Captioned web images
BEGIN

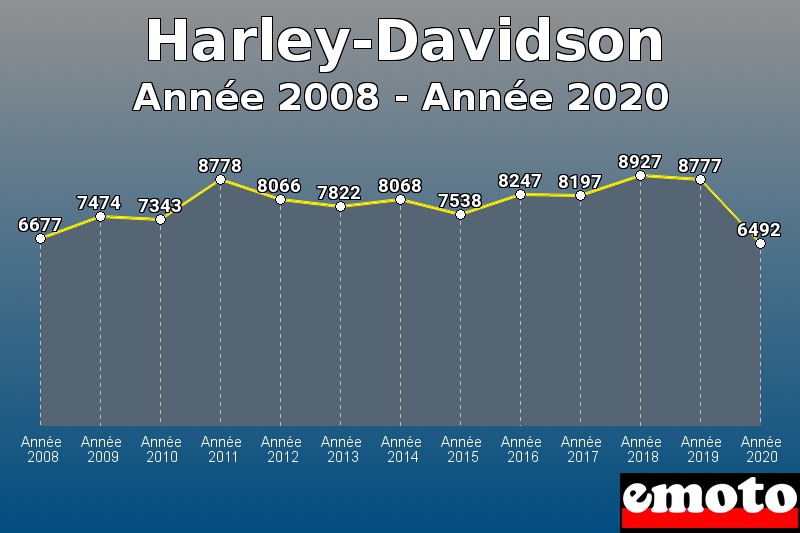 Harley-Davidson les plus immatriculés de Année 2008 à Année 2020 Harley-Davidson les plus immatriculés de Année 2008 à Année 2020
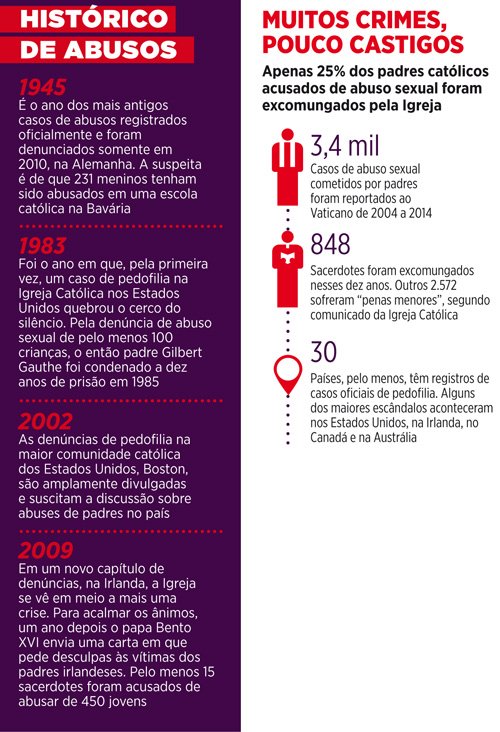 Credito: 04.jpg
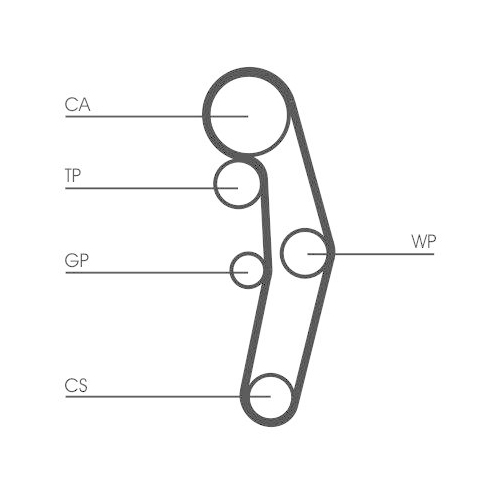 CONTINENTAL CTAM Zahnriemensatz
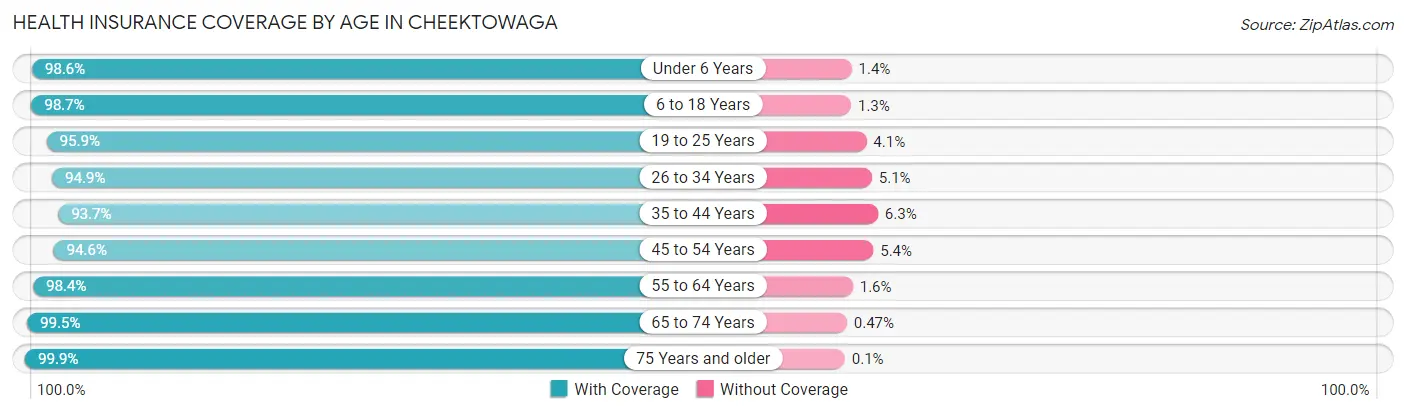 Health Insurance Coverage by Age in Cheektowaga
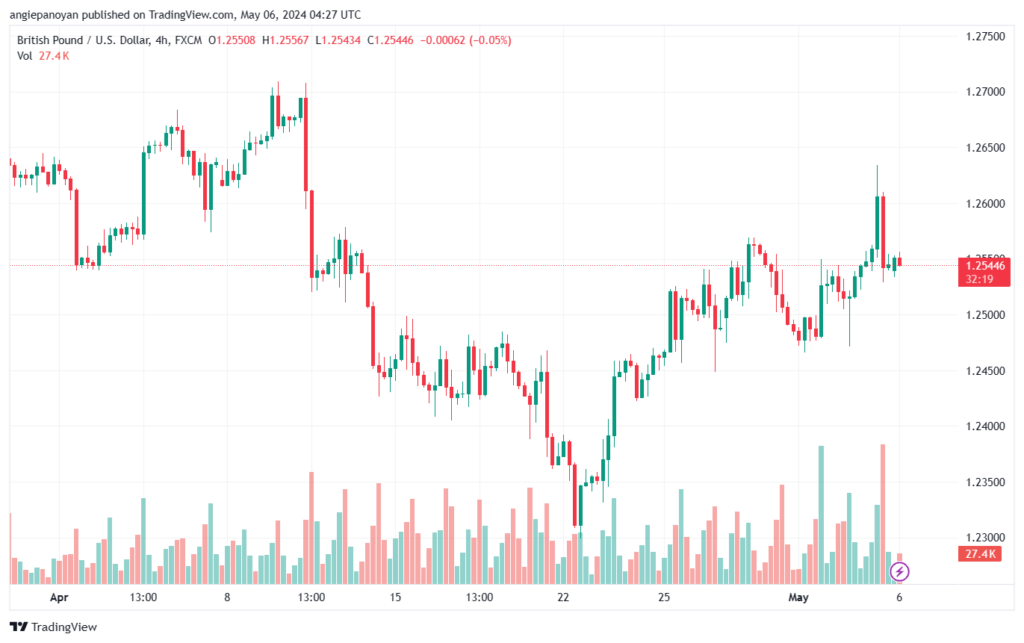 تحليل الباوند دولار GBPUSD - 652024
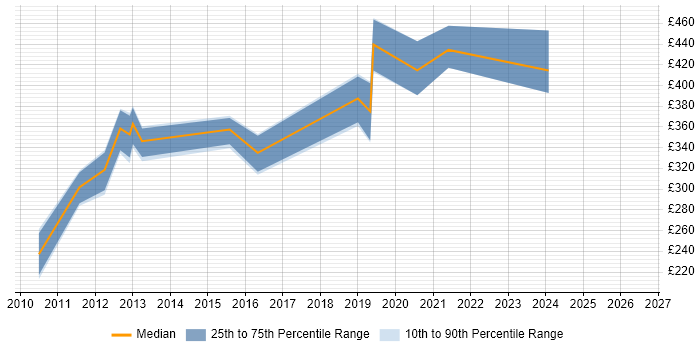 Contractor daily rate distribution trend for jobs in Worthing citing CheckPoint
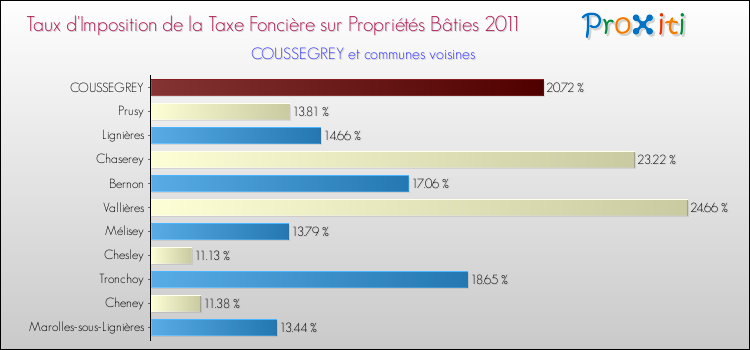 Taux d'imposition de la taxe foncière sur le bati 2011 pour COUSSEGREY et les communes proches Comparaison des taux d'imposition de la taxe foncière sur le bati 2011 pour COUSSEGREY et les communes voisines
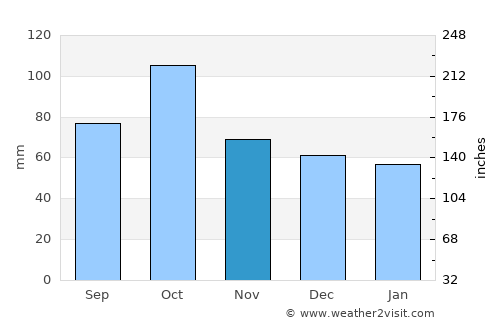 Orange average rain in November
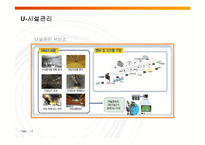 [MIS] U -city 레포트-13
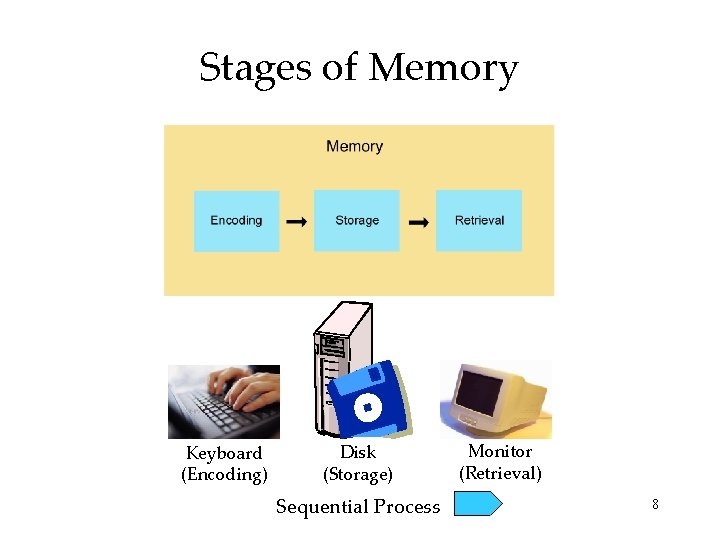 Stages of Memory Keyboard (Encoding) Disk (Storage) Sequential Process Monitor (Retrieval) 8 Stages of Memory Keyboard (Encoding) Disk (Storage) Sequential Process Monitor (Retrieval) 8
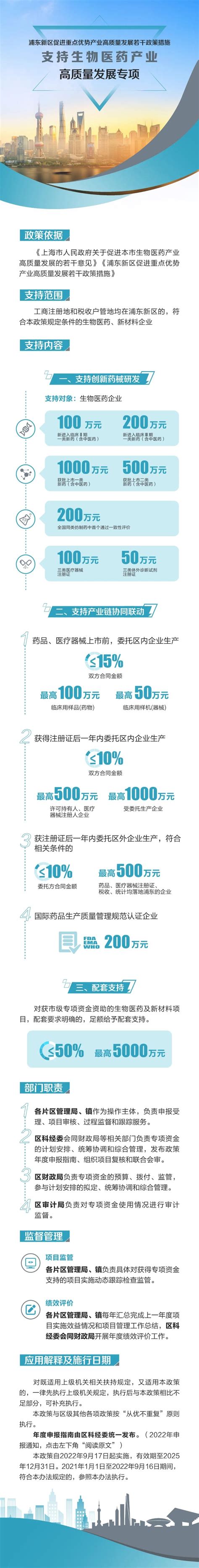 2019中国信息流广告市场现状发展趋势分析 - 深圳厚拓官网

END

Leave the pictures out, then print every entry exactly as it reads.

### Answer space
 Harley-Davidson les plus immatriculés de Année 2008 à Année 2020 Harley-Davidson les plus immatriculés de Année 2008 à Année 2020
 Credito: 04.jpg
 CONTINENTAL CTAM Zahnriemensatz
 Health Insurance Coverage by Age in Cheektowaga
 تحليل الباوند دولار GBPUSD - 652024
 Contractor daily rate distribution trend for jobs in Worthing citing CheckPoint
 Taux d'imposition de la taxe foncière sur le bati 2011 pour COUSSEGREY et les communes proches Comparaison des taux d'imposition de la taxe foncière sur le bati 2011 pour COUSSEGREY et les communes voisines
 Orange average rain in November
 [MIS] U -city 레포트-13
 Stages of Memory Keyboard (Encoding) Disk (Storage) Sequential Process Monitor (Retrieval) 8 Stages of Memory Keyboard (Encoding) Disk (Storage) Sequential Process Monitor (Retrieval) 8
 2019中国信息流广告市场现状发展趋势分析 - 深圳厚拓官网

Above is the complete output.